By Britti Paudyal ’21, Nepal
United World College-USA math teacher Shirleen Lanham will retire at the end of the school year after working on the Montezuma campus for 33 years.
During that time, Shirleen was also a residential coordinator from 1988-2020, raised her two children here and experienced a change in the UWC-USA culture.
“When I first started at UWC, there weren’t cellphones, computers, emails, and students who came here were cut off from their prior communities,” she said. “There were no phones in the dorms in the early years and you’d have to make a call home through your RT (residential tutor).”
“There was no way of keeping ties to former friends and this place was it for you,” Shirleen continued. “So we had a much stronger contained community and the relationships built were very strong because this was your family for two years.”
She decided to retire for various reasons, including her age.
“I’m 70, I think it’s time,” Shirleen said. “It’s been many, many years and especially if we have to continue online, it is not ideal for me to interact with students and do the best for them.”
Born and raised in Cape Town, South Africa, Shirleen received her bachelor’s in philosophy and psychology and master’s in education, all from the University of Cape Town.
Her first teaching job was with the only international multiracial school in Eswatini in South Africa. The school’s purpose was to fight apartheid, a system of institutionalized racial segregation that existed in South Africa and South West Africa from 1948 until the early 1990s. The school later became UWC Eswatini.
While at Eswatini from 1976 to 1987, Shirleen taught the children of anti-apartheid leader Nelson Mandela and political dissidents.
That’s also where she met her husband, Colin. He also taught at UWC-USA, retiring in 2018, after teaching art here for 30 years.
The couple came to UWC-USA in 1988 with their children, Nick and Jessica.
“My children were born in Eswatini but they could not get citizenships,” Shirleen said. “Nick would be compelled to join the South African army for military service when he turned 17, and I did not want that for him at all.”
When the late Ted Lockwood, the founding president of UWC-USA, came to Eswatini for a UWC celebration, he told the Lanhams UWC-USA needed an art teacher, and the couple moved to New Mexico.
“It just didn’t seem like a possibility to get rid of apartheid,” Shirleen said. “We came to UWC-USA for two years initially, but later decided to stay.”
She enjoyed raising her children on campus, where there were about 15 faculty children.

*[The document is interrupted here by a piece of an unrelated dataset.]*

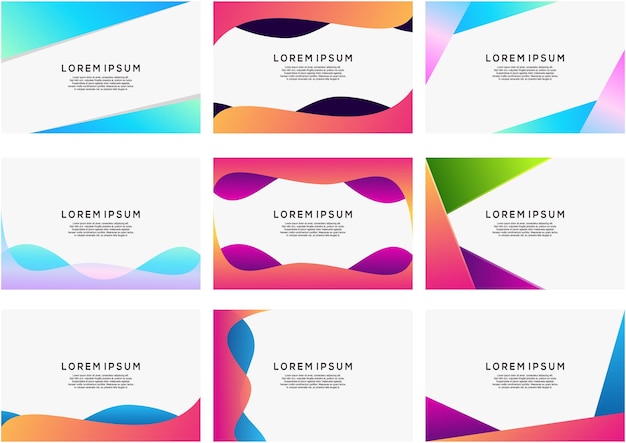 Graphic design banners set template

“They would all play together and look after each other, so they had a wonderful childhood,” she said.
Shirleen loved the relationships she made while working as a residential coordinator.
“Getting to know the whole student — getting to have a feel of what their lives are like was good for me because when being a teacher, I knew all the stressors of UWC life so I could help with student wellbeing in terms of academics,” she said.
Married for 44 years, Shirleen and Colin will move to their home outside Albuquerque. In addition to traveling, Shirleen will spend time knitting, quilting, patchworking, baking and cooking, and learning more about constellations from the New Mexican sky.
They will also spend time with their grandchildren, Noah, 8, Quentin, 2.
Shirleen said she will miss Montezuma’s beauty and the community.
“When you move from another country with no family, the adults in your surrounding become your extended family,” she said. “I lived my whole adult life in a multicultural community so at this point, I’m scared of going into a homogenous society. I’ll miss interacting with people from all over the world.”